## INFORMATION SHOWN
+ + + + + + +

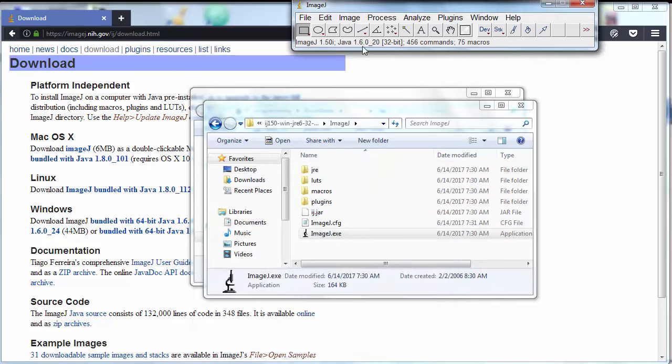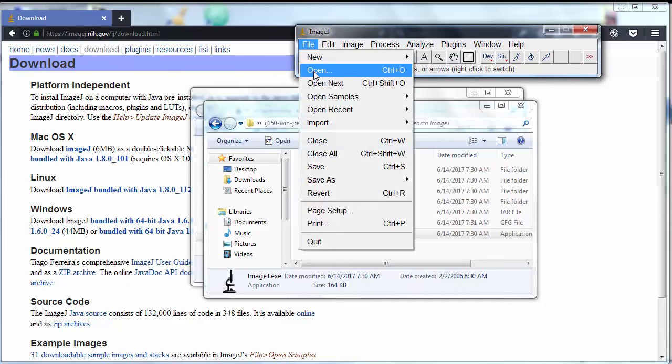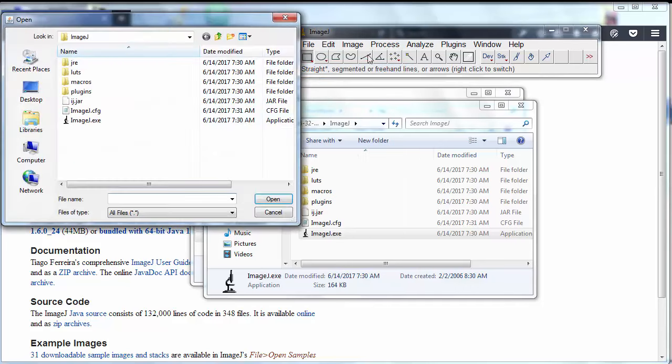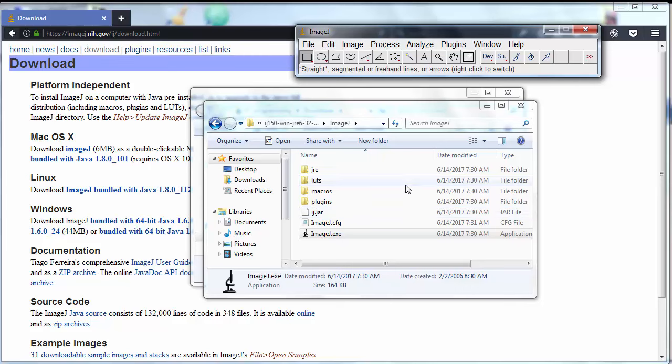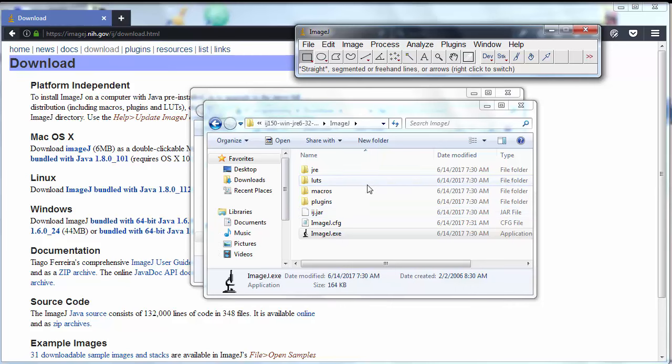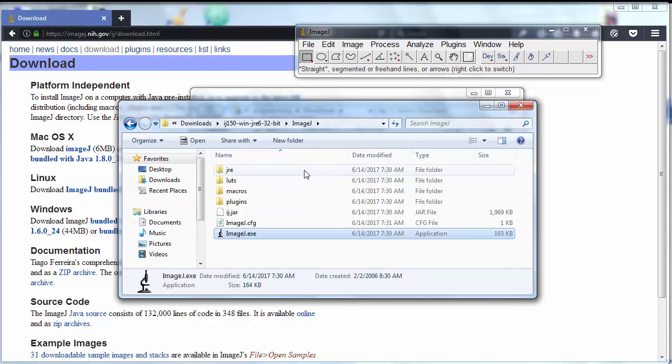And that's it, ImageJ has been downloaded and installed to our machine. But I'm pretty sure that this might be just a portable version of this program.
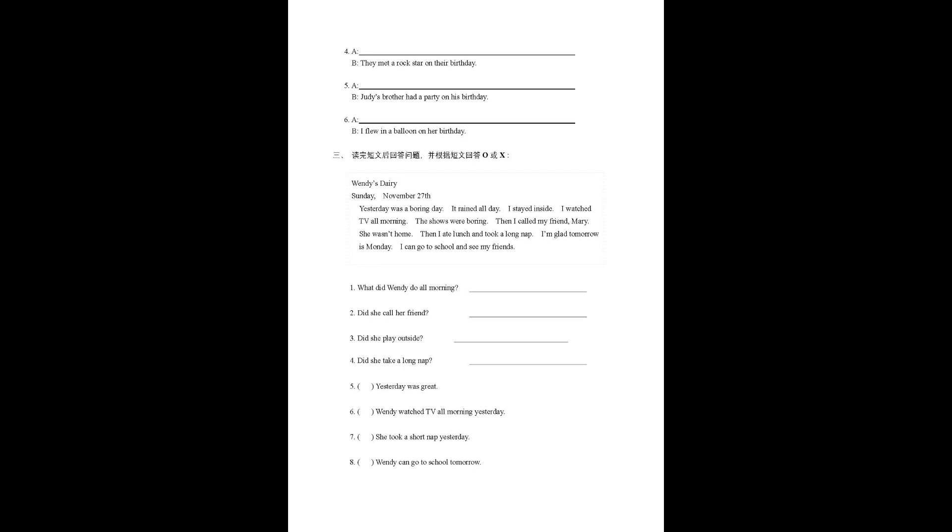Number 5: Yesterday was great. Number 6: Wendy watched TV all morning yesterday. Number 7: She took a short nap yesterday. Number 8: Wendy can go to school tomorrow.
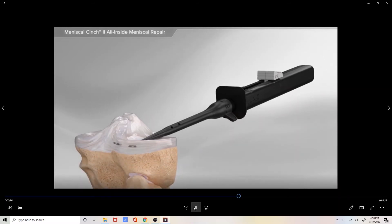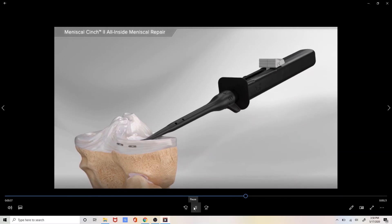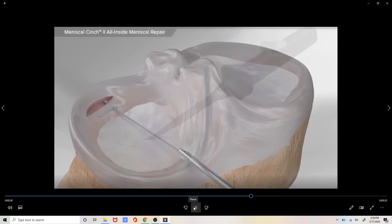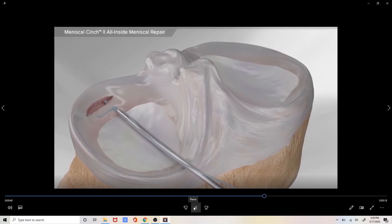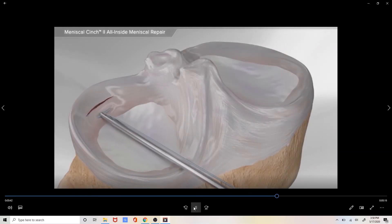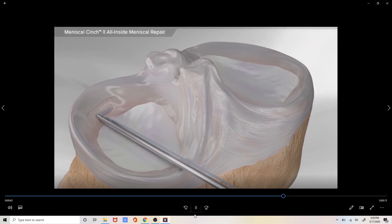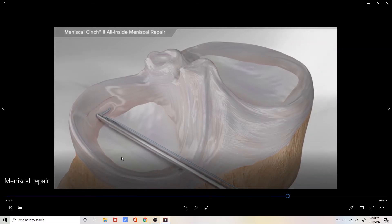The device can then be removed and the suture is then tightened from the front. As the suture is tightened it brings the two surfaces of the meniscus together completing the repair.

+ + + + + + +

## GOAL OF THE EXERCISE
The listing should be transcribed exactly. No picture is to appear in the transcription.

## ANSWER SPACE
And that's it, ImageJ has been downloaded and installed to our machine. But I'm pretty sure that this might be just a portable version of this program.
Number 5: Yesterday was great. Number 6: Wendy watched TV all morning yesterday. Number 7: She took a short nap yesterday. Number 8: Wendy can go to school tomorrow.
The device can then be removed and the suture is then tightened from the front. As the suture is tightened it brings the two surfaces of the meniscus together completing the repair.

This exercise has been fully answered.